Psalm 90:1–6, 12 “1 Lord, you have been our dwelling place in all generations. 2 Before the mountains were brought forth, or ever you had formed the earth and the world, from everlasting to everlasting you are God. 3 You return man to dust and say, “Return, O children of man!” 4 For a thousand years in your sight are but as yesterday when it is past, or as a watch in the night. 5 You sweep them away as with a flood; they are like a dream, like grass that is renewed in the morning: 6 in the morning it flourishes and is renewed; in the evening it fades and withers….12 So teach us to number our days that we may get a heart of wisdom.

With the small amount of time we spend on the earth, it is incredible how important we think we are in the grand scheme of things. As this same song declares in verse 10, “The years of our life are seventy, or even by reason of strength eighty; yet their span is but toil and trouble; they are soon gone, and we fly away.

This song makes a significant point. Our days on God’s earth are very brief. The selfish desire that surfaces in our hearts to make much of ourselves is foolish. We want to put ourselves in the middle of everything and overestimate our value and the recognition we deserve, not only among people but also in the presence of God. I’m not saying we don’t have dignity and value, but it is because of God not because of us.

This psalm declares there is only one constant in the world and that is the eternal and unshakable God.
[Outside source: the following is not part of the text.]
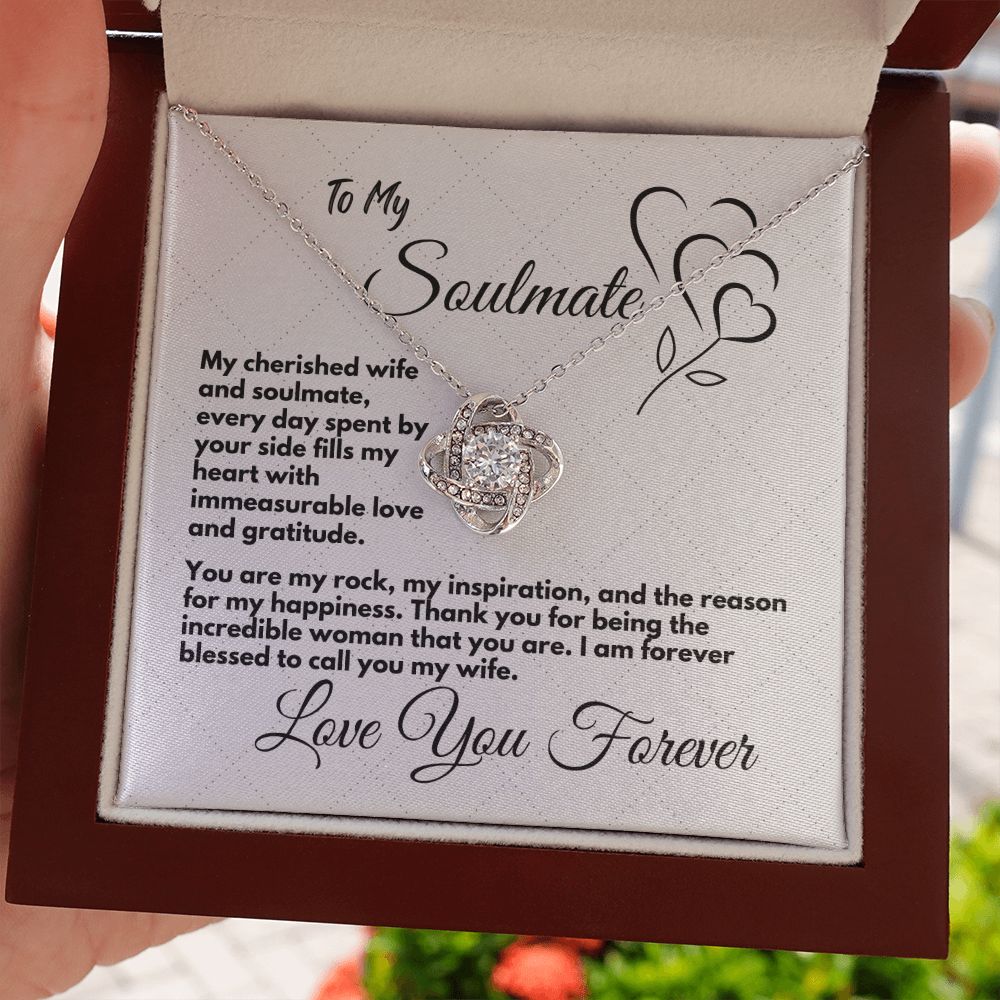 Gift To My Wife/Soulmate, Elegant Love Knot Necklace With Message In A Gift Box, Jewelry Present For My Wife/Partner, Unique Gift Ideas To My Soulmate In Life - Zahlia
It is His world. He calls the shots. He determines the rules. He asks no man for counsel. When God decides our days on His earth are complete God says, “Return [to the dust], O children of man!” As the writer of Hebrews says, “…it is appointed for man to die one, and after that comes the judgment…” (Hebrews 9:27). God appoints the day of death for us all, and one day He will say to all, “Return, O child of man!

Within the last few weeks, a dear couple in our church lost a precious daughter, eight and a half months along in her mother’s womb. Before she took a breath on her own, God said, “Return.” On Thanksgiving Day, my 88-year-old father died in his hometown because God said, “Return.” For each of us, death is an unpredictable reality. Life is fragile, and life is brief, even for those who live past 100. Only one thing is permanent and stable, and that is the one true eternal God of the Bible.

Everyone abides on earth by God’s design. Generations come, and generations go. In the temporal existence that God grants us, each one of us would do well to realize this is a God-centered world, not a man-centered world. Biblical truth reveals that the one true eternal God is good, defines all that is good and demands goodness from all those He created. All of us violate the standard of His goodness by personal sin and selfishness, and the only way we can be made right with God is by trusting the work of Jesus Christ. He is the perfect Son of God sent by the Father to pay the penalty for our sin by His death on the cross. It is the Holy Spirit who reveals this biblical truth to the hearts of people, graciously granting people wisdom.

May the Spirit of God reveal the saving truth of God through the work of His Son Jesus Christ, and help us to consider our days on earth in the light of God’s eternal reliability – i.e., wisdom!